** Dataset entries follows **

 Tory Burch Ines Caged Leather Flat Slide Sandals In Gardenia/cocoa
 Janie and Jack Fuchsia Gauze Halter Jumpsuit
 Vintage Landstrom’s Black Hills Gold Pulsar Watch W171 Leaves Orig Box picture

** End of Dataset entries **
** Dataset entries follows **

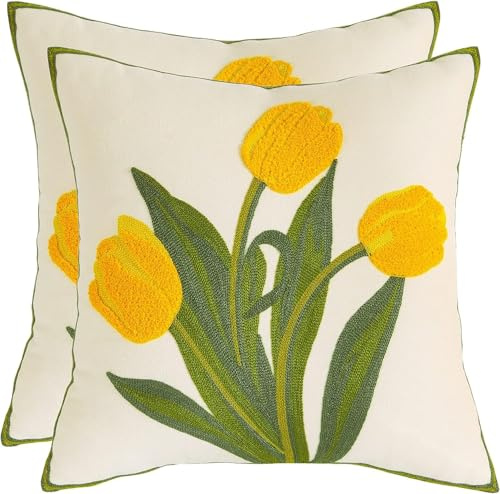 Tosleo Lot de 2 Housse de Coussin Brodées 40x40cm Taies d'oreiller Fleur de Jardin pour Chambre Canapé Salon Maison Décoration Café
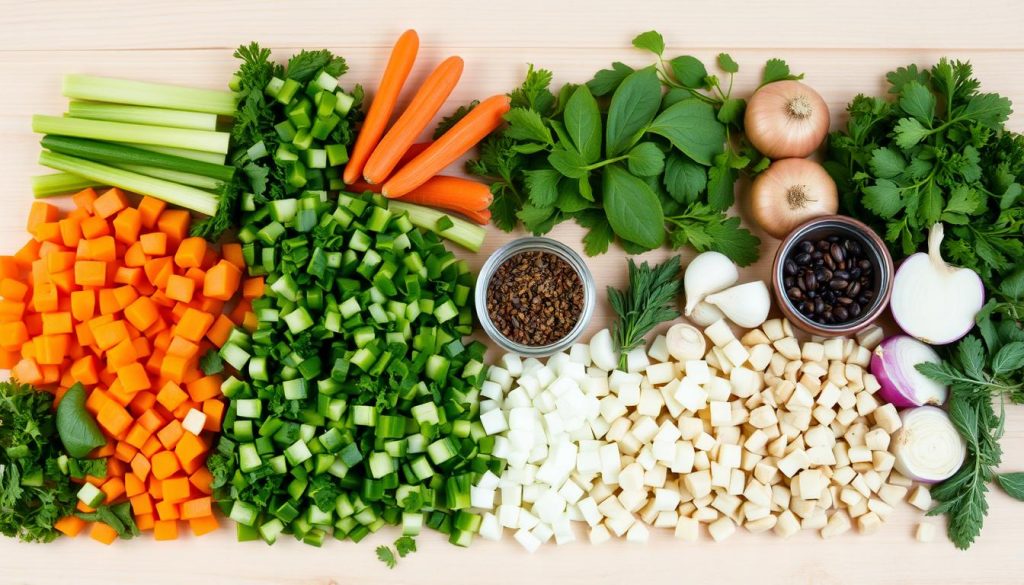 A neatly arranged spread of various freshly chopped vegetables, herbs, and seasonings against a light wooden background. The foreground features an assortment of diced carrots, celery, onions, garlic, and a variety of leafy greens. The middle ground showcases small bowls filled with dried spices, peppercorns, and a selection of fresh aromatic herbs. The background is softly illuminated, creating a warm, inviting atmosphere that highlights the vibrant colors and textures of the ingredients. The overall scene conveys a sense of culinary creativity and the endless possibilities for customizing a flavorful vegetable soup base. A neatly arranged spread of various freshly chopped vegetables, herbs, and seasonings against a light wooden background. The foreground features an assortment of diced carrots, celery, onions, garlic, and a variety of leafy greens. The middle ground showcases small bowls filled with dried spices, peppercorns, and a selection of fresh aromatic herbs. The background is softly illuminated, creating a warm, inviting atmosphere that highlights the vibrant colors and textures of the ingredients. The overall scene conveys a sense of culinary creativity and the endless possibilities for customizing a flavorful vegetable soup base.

** End of Dataset entries **
** Dataset entries follows **

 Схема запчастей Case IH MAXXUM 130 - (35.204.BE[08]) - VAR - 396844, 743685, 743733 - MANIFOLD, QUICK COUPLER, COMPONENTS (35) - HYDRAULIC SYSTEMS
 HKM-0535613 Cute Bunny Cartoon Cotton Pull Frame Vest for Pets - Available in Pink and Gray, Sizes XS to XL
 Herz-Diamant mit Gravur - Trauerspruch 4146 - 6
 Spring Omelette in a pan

** End of Dataset entries **

What the task requires: Above are the entries. Copy exactly the part that opens with the line containing "Janie and Jack Fuchsia Gauze Halter Jumpsuit" and closes with the line containing "Vintage Landstrom’s Black", and no more.

Response area:
 Janie and Jack Fuchsia Gauze Halter Jumpsuit
 Vintage Landstrom’s Black Hills Gold Pulsar Watch W171 Leaves Orig Box picture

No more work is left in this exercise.